TASK INSTRUCTIONS |
When you reach the line containing "2234 SE Pilatus Lane Bend, OR 97702 - 物件實景", start transcribing exactly and continue through the last line of the data, skipping every picture.

+++ SUPPLIED RECORDS

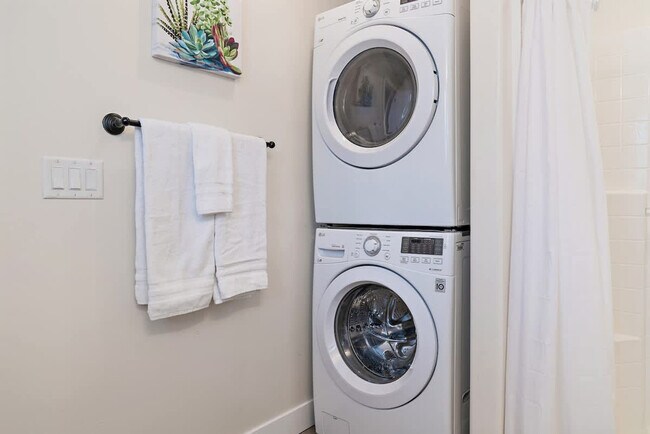 Building Photo - 3273 2530 S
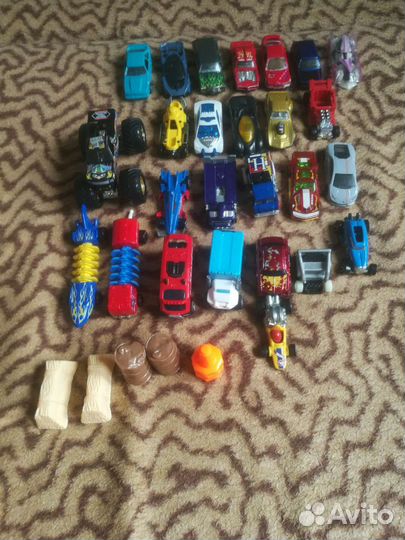 Машинки Hot Wheels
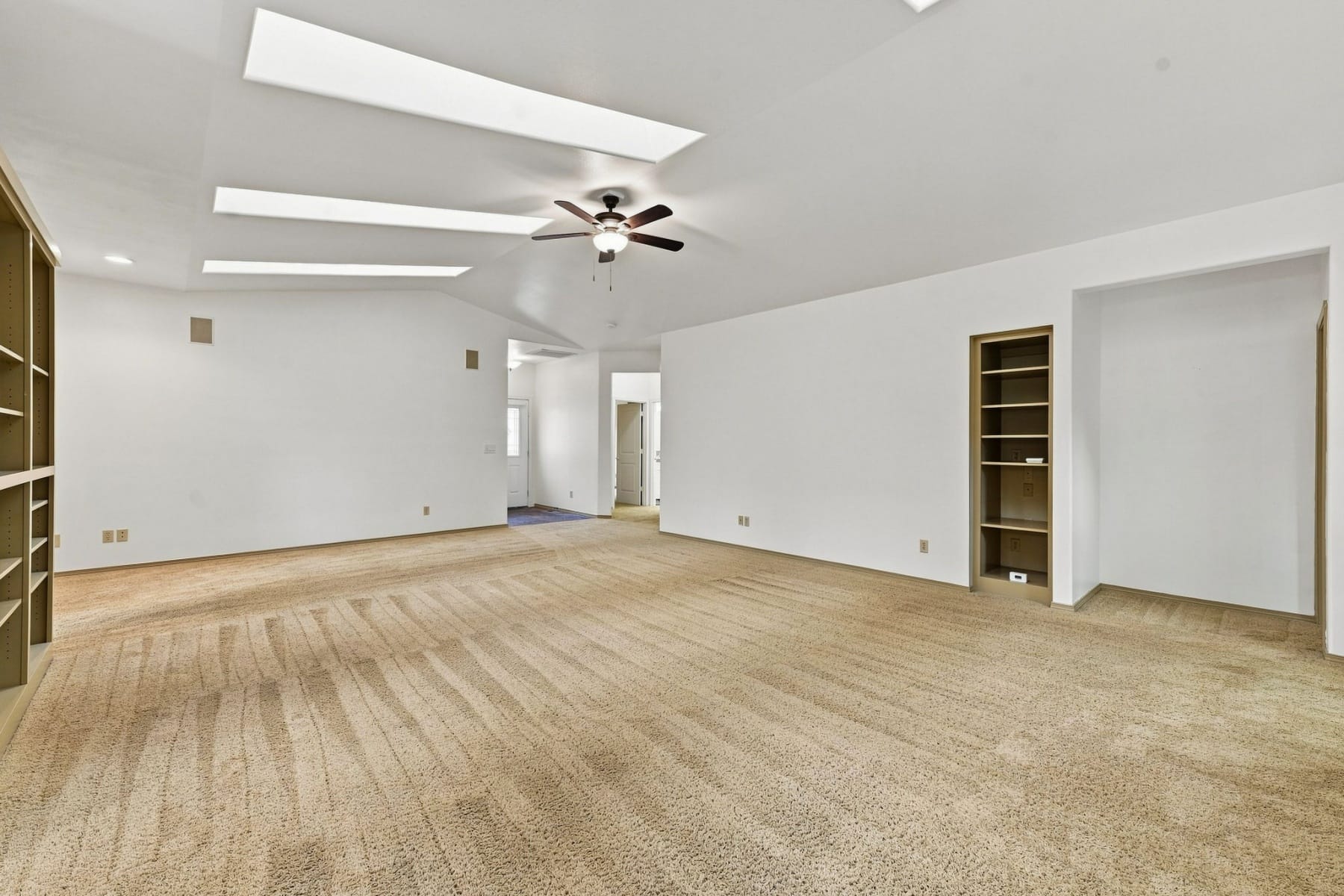  2234 SE Pilatus Lane Bend, OR 97702 - 物件實景
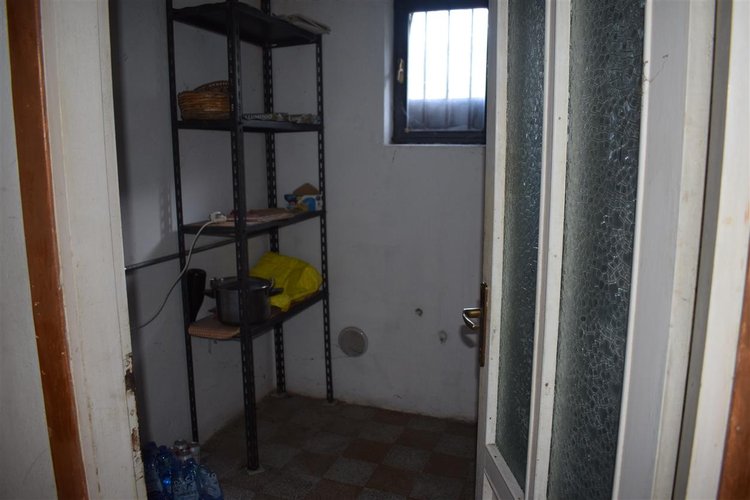 Algua Rosolo, casa d’epoca indipendente con godibilissima area pertinenziale Algua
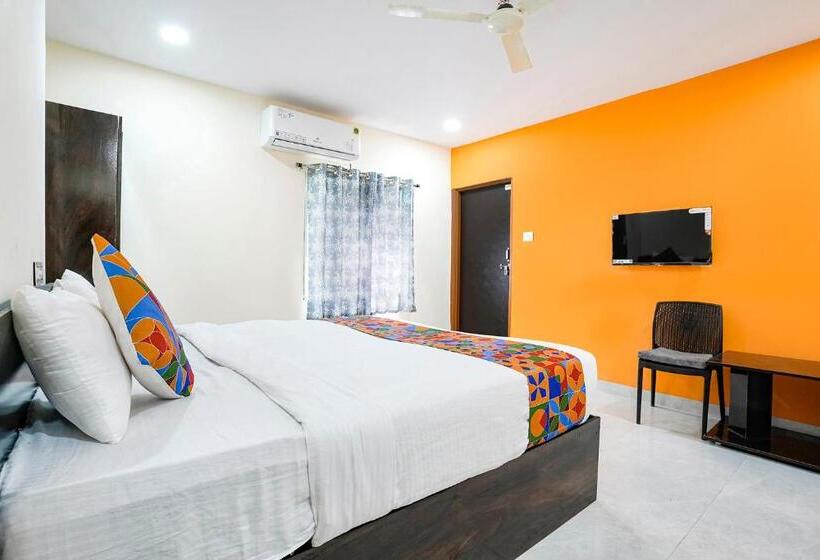 Fabhotel Grand Imperial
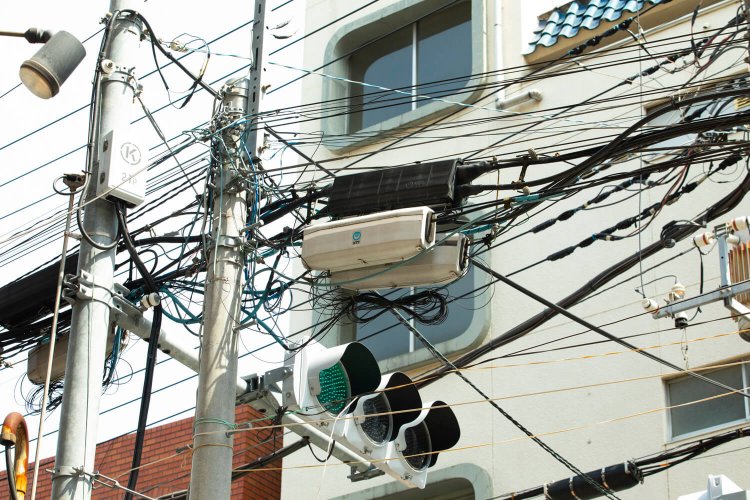 通信ケーブルをまとめたり、分岐させたりするもの。アナログ回線用が黒で光ファイバー用がグレー。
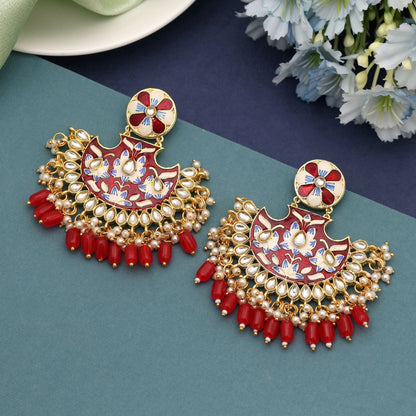 Rote Meenakari-Ohrringe, die Hochzeiten und festlichen Outfits einen kühnen Charme verleihen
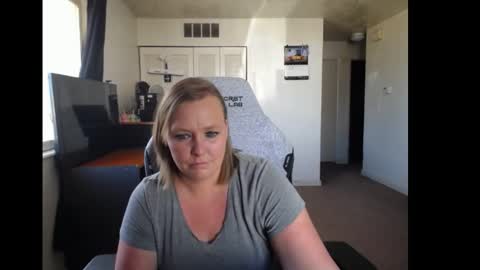 Snapshot of softerpeaches chatting on September 11, 7:26 pm Rose online show from September 11, 7:26 pm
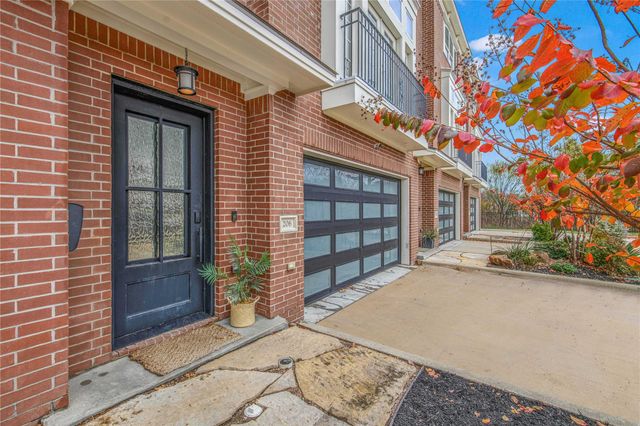 206 Tarrow, College Station, TX 77840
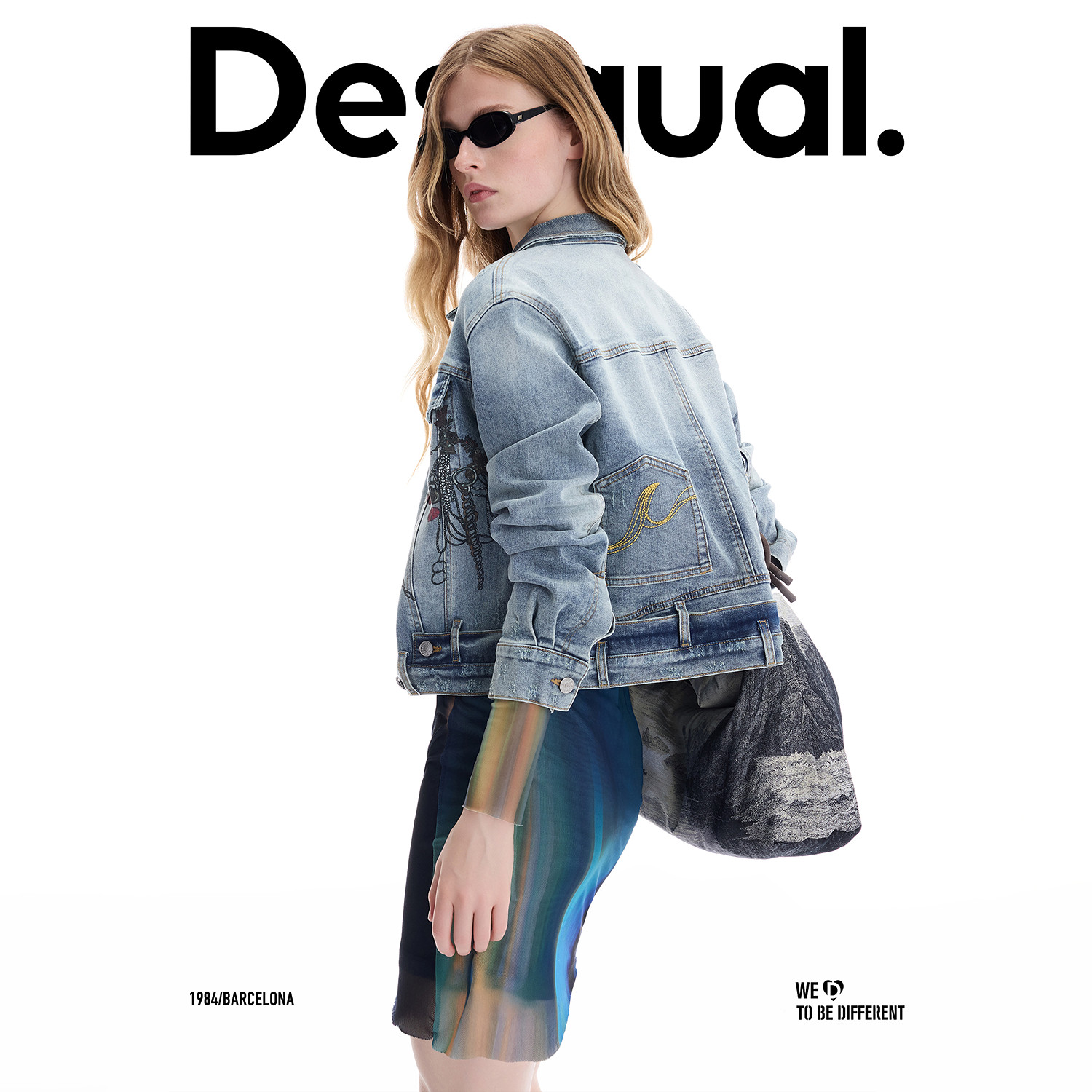 Desigual新品直筒手绘链条印花浅蓝色牛仔夹克女士外套
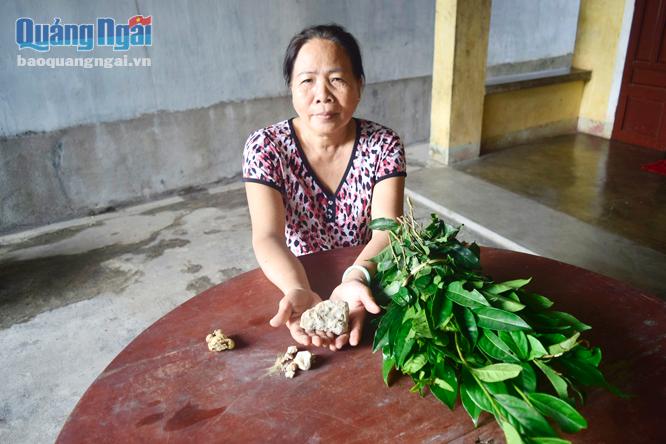 Bà Bùi Thị Của giới thiệu các vị thuốc dân gian được dùng trong quá trình chăm sóc sản phụ sau sinh như gừng, lá trà xanh...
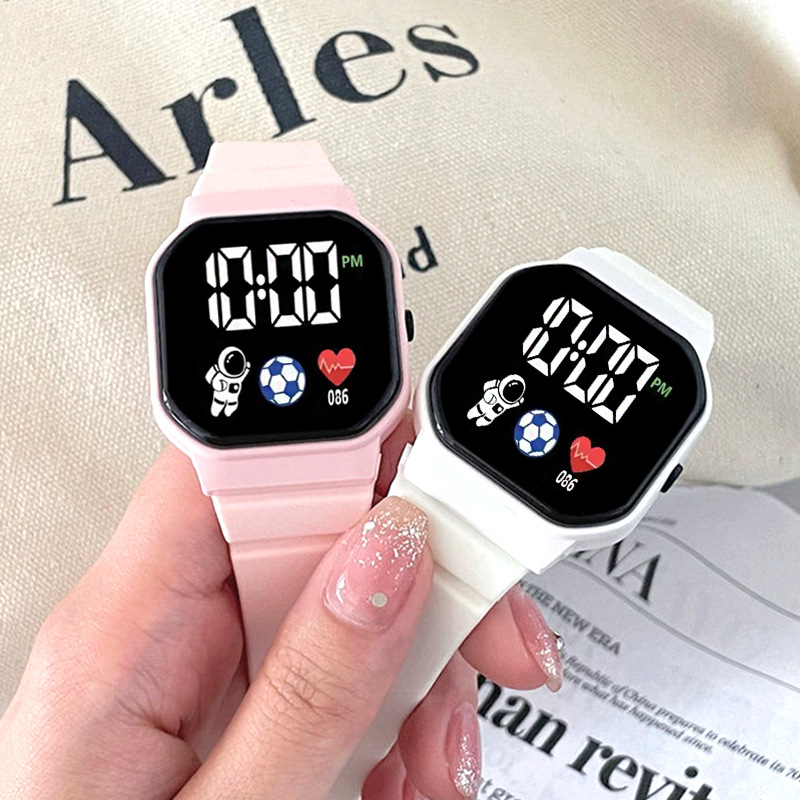 キッズウォッチスポーツ LED デジタル腕時計宇宙飛行士シリ - Smartwatch Watches For Girls のレビューと価格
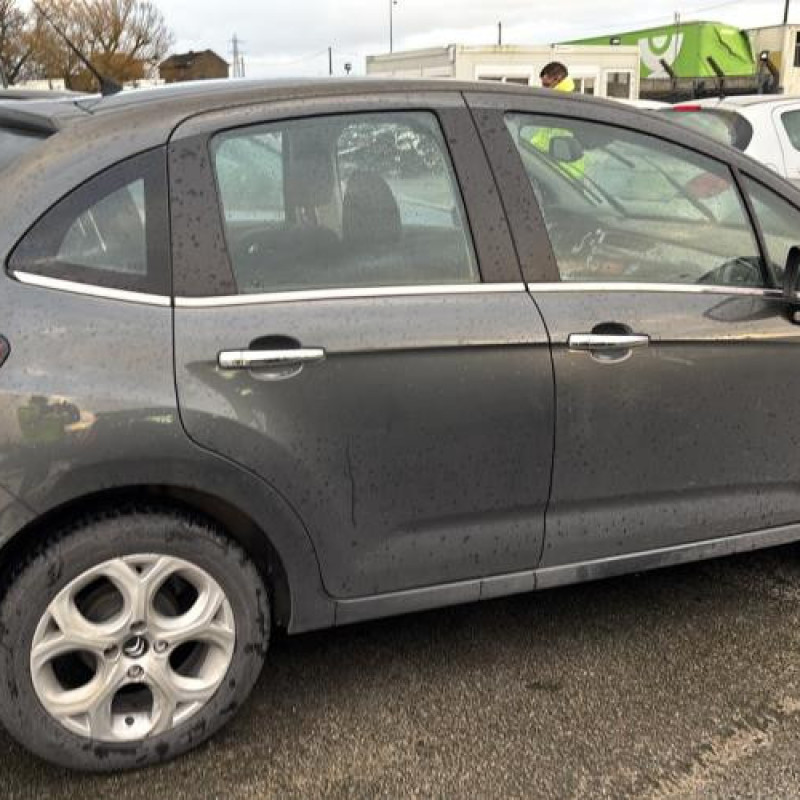 Bouchon de carburant CITROEN C3 2 Photo n°6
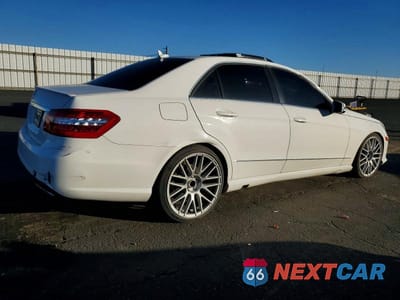 Trzecie zdjęcie samochodu z tyłu: 2013 MERCEDES-BENZ E 350 VIN:WDDHF5KB1DA665363 - miniatura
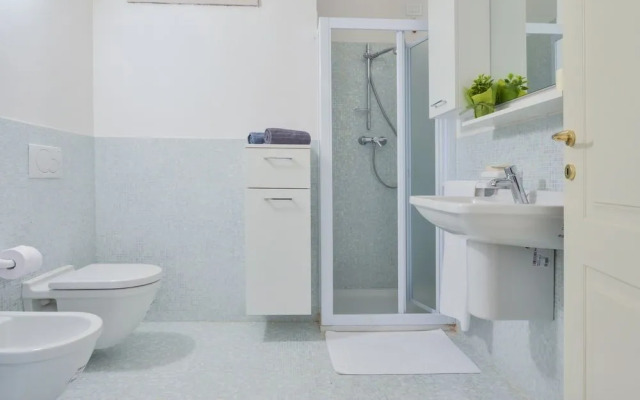 Polpenazze Halldis Apartments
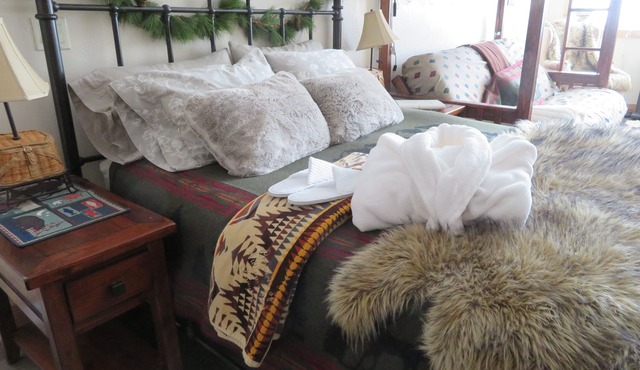 Self care Spa amenities Remote wilderness location no crowds.nAdequate vehicle!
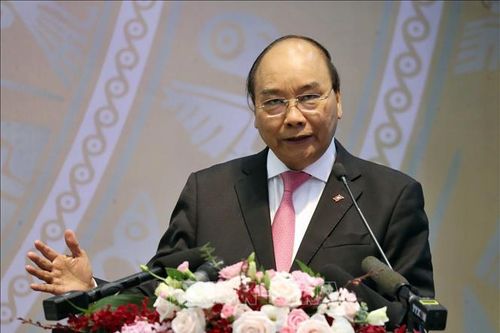 Thủ tướng yêu cầu tạm hoãn công tác nước ngoài để tập trung phòng, chống dịch COVID-19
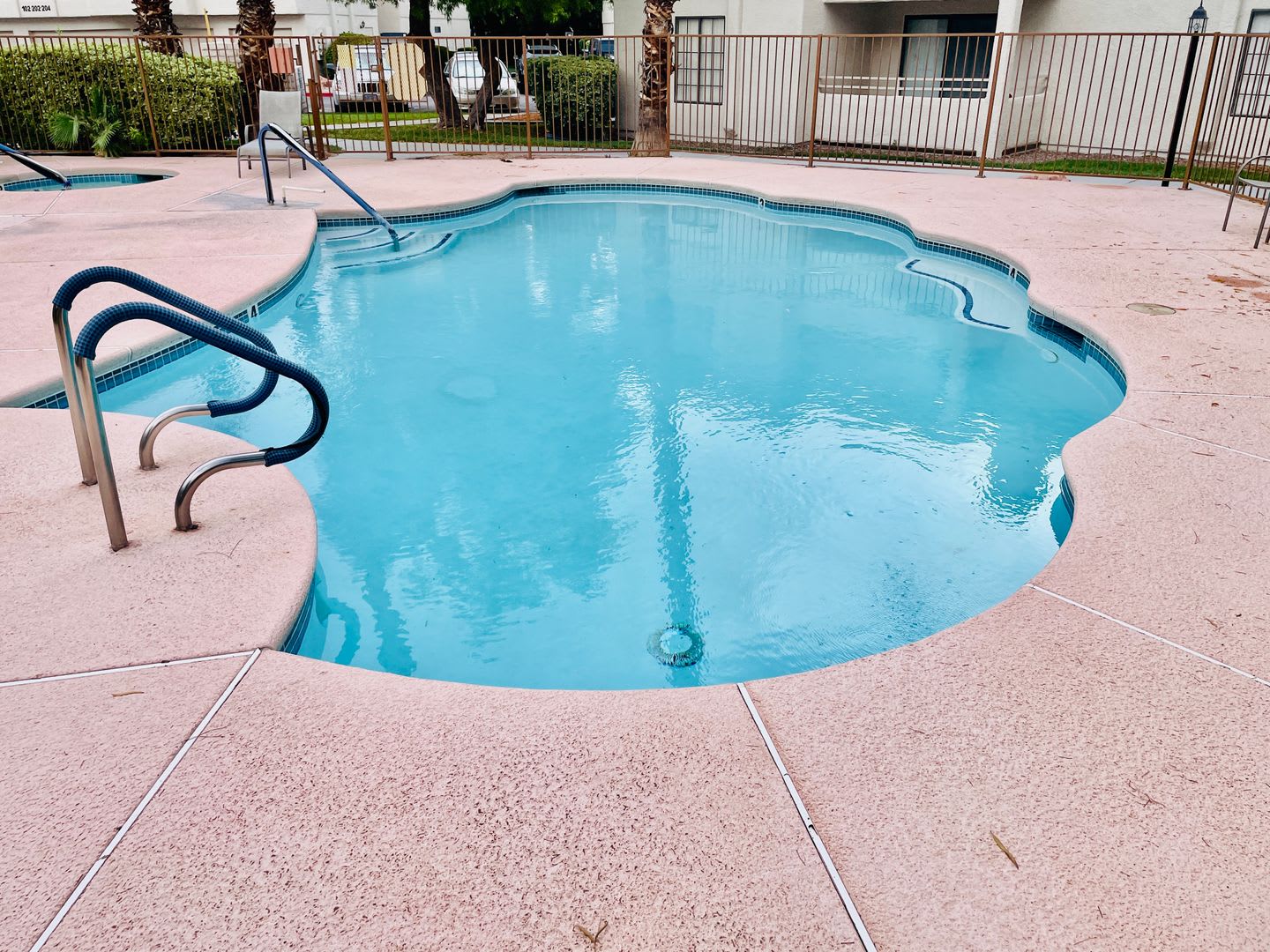 Spacious, Fully Furnished 2 Bed, 2 Bath Condo in the Lakes! – photo 4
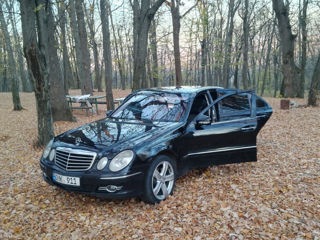 Mercedes E-Class foto 4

++++++

RESPONSE AREA |
  2234 SE Pilatus Lane Bend, OR 97702 - 物件實景
 Algua Rosolo, casa d’epoca indipendente con godibilissima area pertinenziale Algua
 Fabhotel Grand Imperial
 通信ケーブルをまとめたり、分岐させたりするもの。アナログ回線用が黒で光ファイバー用がグレー。
 Rote Meenakari-Ohrringe, die Hochzeiten und festlichen Outfits einen kühnen Charme verleihen
 Snapshot of softerpeaches chatting on September 11, 7:26 pm Rose online show from September 11, 7:26 pm
 206 Tarrow, College Station, TX 77840
 Desigual新品直筒手绘链条印花浅蓝色牛仔夹克女士外套
 Bà Bùi Thị Của giới thiệu các vị thuốc dân gian được dùng trong quá trình chăm sóc sản phụ sau sinh như gừng, lá trà xanh...
 キッズウォッチスポーツ LED デジタル腕時計宇宙飛行士シリ - Smartwatch Watches For Girls のレビューと価格
 Bouchon de carburant CITROEN C3 2 Photo n°6
 Trzecie zdjęcie samochodu z tyłu: 2013 MERCEDES-BENZ E 350 VIN:WDDHF5KB1DA665363 - miniatura
 Polpenazze Halldis Apartments
 Self care Spa amenities Remote wilderness location no crowds.nAdequate vehicle!
 Thủ tướng yêu cầu tạm hoãn công tác nước ngoài để tập trung phòng, chống dịch COVID-19
 Spacious, Fully Furnished 2 Bed, 2 Bath Condo in the Lakes! – photo 4
 Mercedes E-Class foto 4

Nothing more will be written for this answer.